Forum Moderators: open

Message Too Old, No Replies

Having word ID on the URL

         

skuba

12:05 am on Jan 15, 2004 (gmt 0)

10+ Year Member Top Contributors Of The Month



I am facing a major issue here.
I am already tring to get rid of regular expressions and spaces on the dynamic pages of this site.
Now I found out that google doesn't like the word ID also cause it may look like a session ID.
What is ID is just part of a longer parameter like dept_id or sub_id?

Also, how long can a URL be to still be SE friendly.

This website I am talking about has LONG URLs, plus SPACES, plus SYMBOLS, plus word ID.
It seems like completely SE unfriendly.

Check it out:
detail.htm?stylepkey=11049&style_id=030%20COMBB0&dept_id=3&deptName=Parts&sub_id=50&subName=Campagnolo%20Parts&lprice=42.98&hprice=42.98

First I just wanted to have a ASAPI rewrite to replaces?, &, = and spaces by -

Would that be enough?

We also have the problem of the product prices that have dots in it, and also the word ID in some of the paremeters...

Any ideas?

Thanks

Ledfish

2:30 am on Jan 15, 2004 (gmt 0)

10+ Year Member



Well, you'll definitely have problem with those urls. More than two parameters is about the max from what I've heard.

And

ID is very often a problem regardless of whether it is by itself our coupled with another word such as idproduct or productid.

Ledfish

2:31 am on Jan 15, 2004 (gmt 0)

10+ Year Member



Well, you'll definitely have problem with those urls. More than two parameters is about the max from what I've heard.

And

ID is very often a problem regardless of whether it is by itself our coupled with another word such as idproduct or productid.

skuba

3:21 am on Jan 15, 2004 (gmt 0)

10+ Year Member Top Contributors Of The Month



Yes, but if I use rewrite those URLs will look like static pages. So, google won't know they are parameters or not.
And what you said about ID is not completely true. That way google woudn't index pages with words stereoid, identity, idiot, etc...

millie

9:16 am on Jan 15, 2004 (gmt 0)

10+ Year Member



That Google hates session IDs is no secret and has been stated by Google representatives.

I believe it's not the "styleID" that's the problem, it's the next bit ... "ID=" which screams Session ID to a bot.

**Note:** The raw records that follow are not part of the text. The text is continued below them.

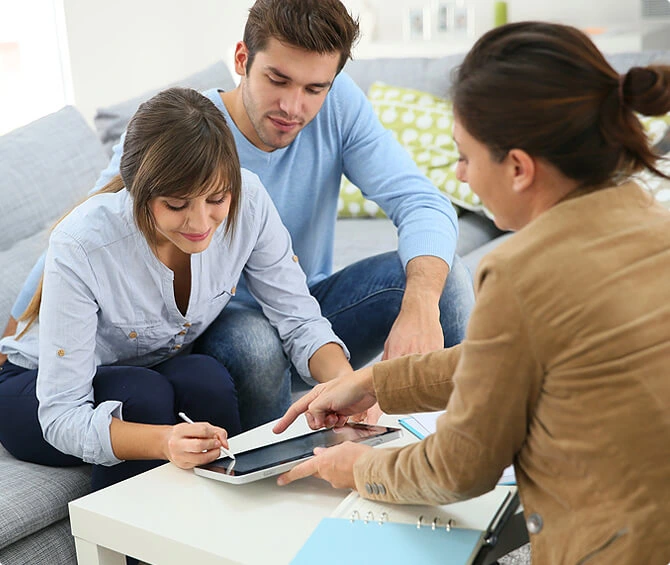 Financial advisor consulting a couple
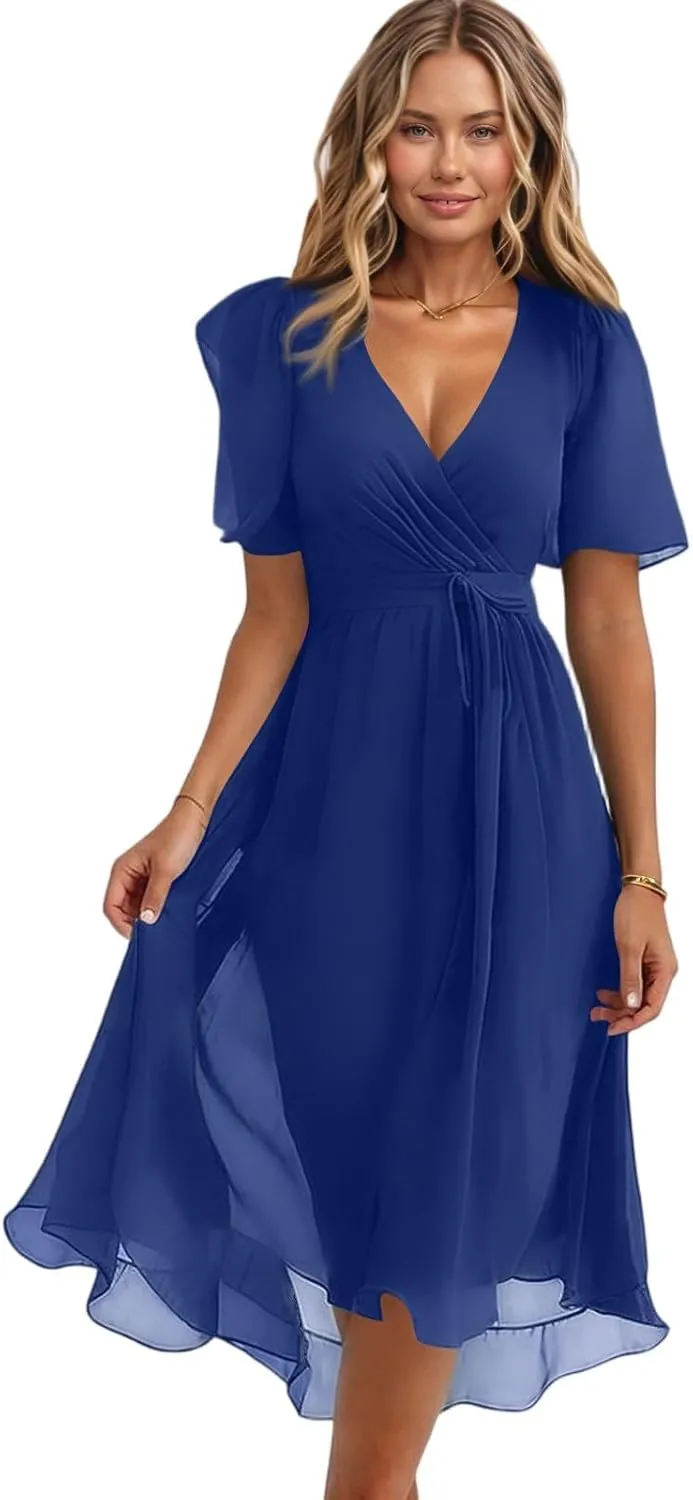 Summer Floral Chiffon Dresses for Women 2025 Midi Trendy Short Sleeve V Neck Tie Elastic Waist Flowy Swing A Line Dress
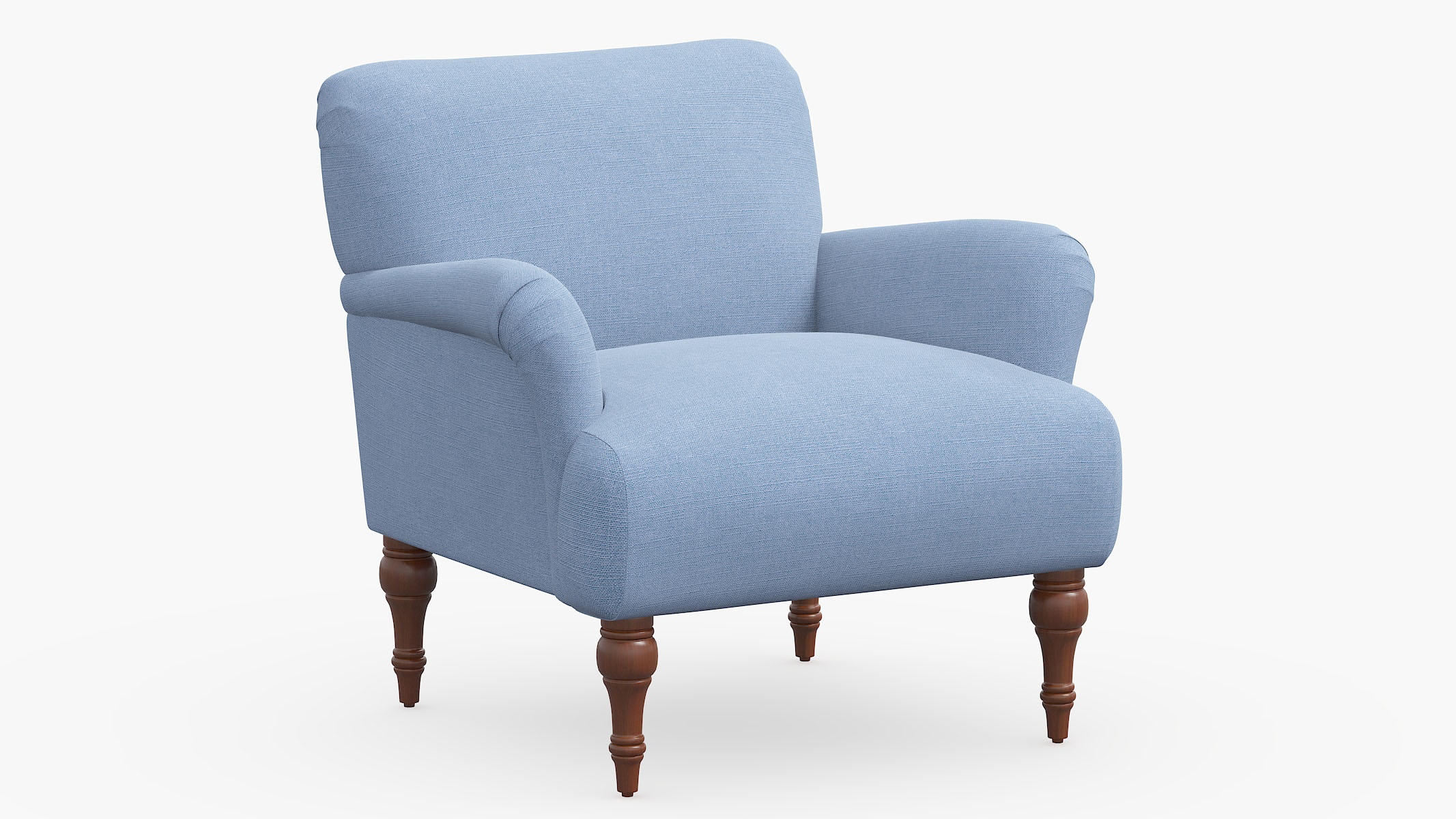 Traditional Accent Chair, Denim Everyday Linen, Espresso - Image 0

I understand that parameter names should not be longer than 10 characters for effective spidering of dynamic pages in Google.

For the other SEs paid inclusion or trusted feed seems to be the only solution I can find for dynamic pages.

I can't help you with the ISAPI rewrite thing as I'm only just starting to play with this myself so haven't tested it fully, however it looks like it's the answer to my prayers.

skuba

6:03 pm on Jan 15, 2004 (gmt 0)

10+ Year Member Top Contributors Of The Month



There is no parameter on the URL that is just ID=... , it is always part of a bigger word like dept_id, style_id, etc...
I guess that in that case google won't bother, becuase underscore connects words, so it looks like one word only.

skuba

11:32 pm on Feb 3, 2004 (gmt 0)

10+ Year Member Top Contributors Of The Month



Please, experts, help!
Thanks

Ledfish

1:32 pm on Feb 4, 2004 (gmt 0)

10+ Year Member



Skuba

Back in November we were really struggled with this problem, everyone I talked to said that our urls were fine, however google on had half a dozen of these pages in the index. looking through my logs, I would notice the bot calling from the page without the query string. Of course that would give them an error because the page could display anything (other than an error message) without having the query string data. For example our looked like this:

www.widegets.com/somefile.asp?idcat=32&idproduct=221

In December, we moved to a new host so we could use ISAPI Rewrite. Having had such bad experiences for several months and because it was just as easy, we used ISAPI Rewrite to rewrite the urls completely removing the "idcat" and "idproduct" from the url so they now look like this:

www.widgets.com/product32-221.html

With-in 3-4 we went from 40 indexed pages (only about 6 had the dynamic urls) to over 500. Currently Google has a just about all 950 of our pages indexed.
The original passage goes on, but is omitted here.